Why this matters for small design-build firms
Four practical consequences if you run cost plans:
- Your labour assumptions need refreshing more often than your materials ones. If your cost-plan template was calibrated in early 2022, its materials rates are roughly right. Its labour rates are understating reality by double-digit percentages.
- Labour-heavy projects carry more fixed-price risk. A loft conversion is ~60% labour. A rear extension is ~50%. A basement is closer to 40%. The higher the labour share, the shorter your fixed-price quote should remain valid.
- Scope swaps away from labour save more than away from materials. If a client is looking to cut costs, changes that reduce trade hours (simpler finishes, fewer service runs, factory-made elements) now save more than changes that reduce materials spend.

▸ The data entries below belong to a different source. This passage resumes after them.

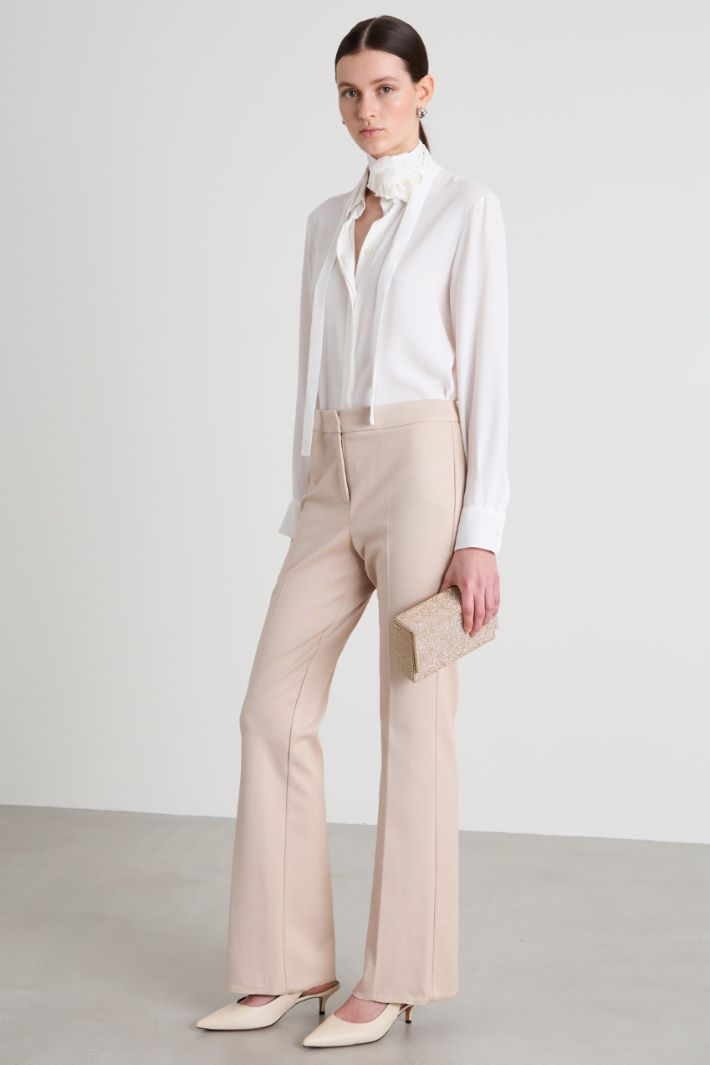 Pantalones acampanados de punto jacquard Intrend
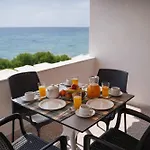 Kostas Beach Apartments
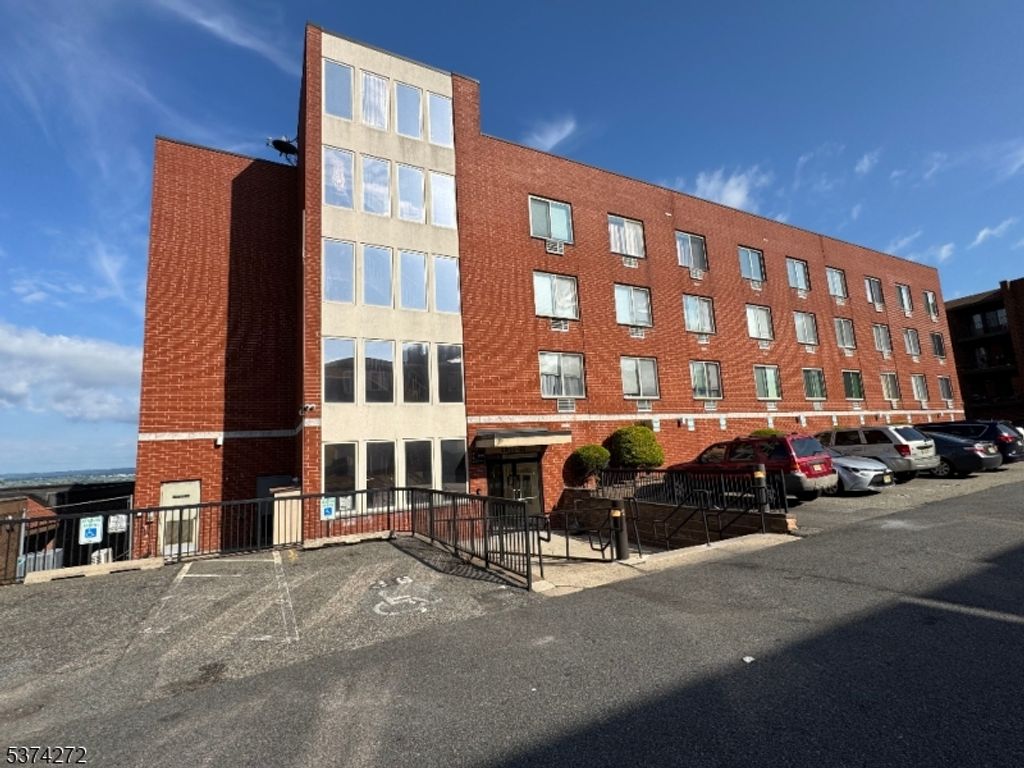 1911 Grand Ave 1C, North Bergen Twp., NJ 07047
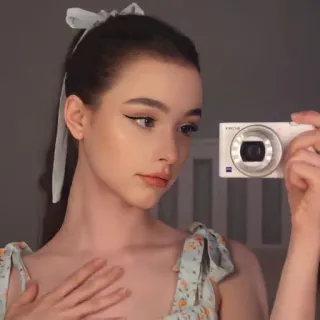 🌸 13d8692d woman, selfie, portrait, camera, beauty, makeup, eyeliner telegram sticker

- Wage inflation is a business conversation, not just a pricing one. If you employ tradespeople, their pay expectations are set by the same forces. Firms that treat wage inflation as an input-only risk get squeezed when their own team starts walking.
How long does this persist?
Nobody knows with certainty, but the structural drivers on the labour side are slow-moving. Short of a deep recession collapsing demand, or an immigration policy change increasing supply, labour costs are unlikely to flatten in the next 18 to 24 months. Materials are more volatile but currently close to equilibrium.
The sensible planning assumption for quotes priced in 2026: assume labour continues rising at roughly 4 to 5% per year, materials flat to +2%. Re-check next quarter when new data lands in the Cost Tracker.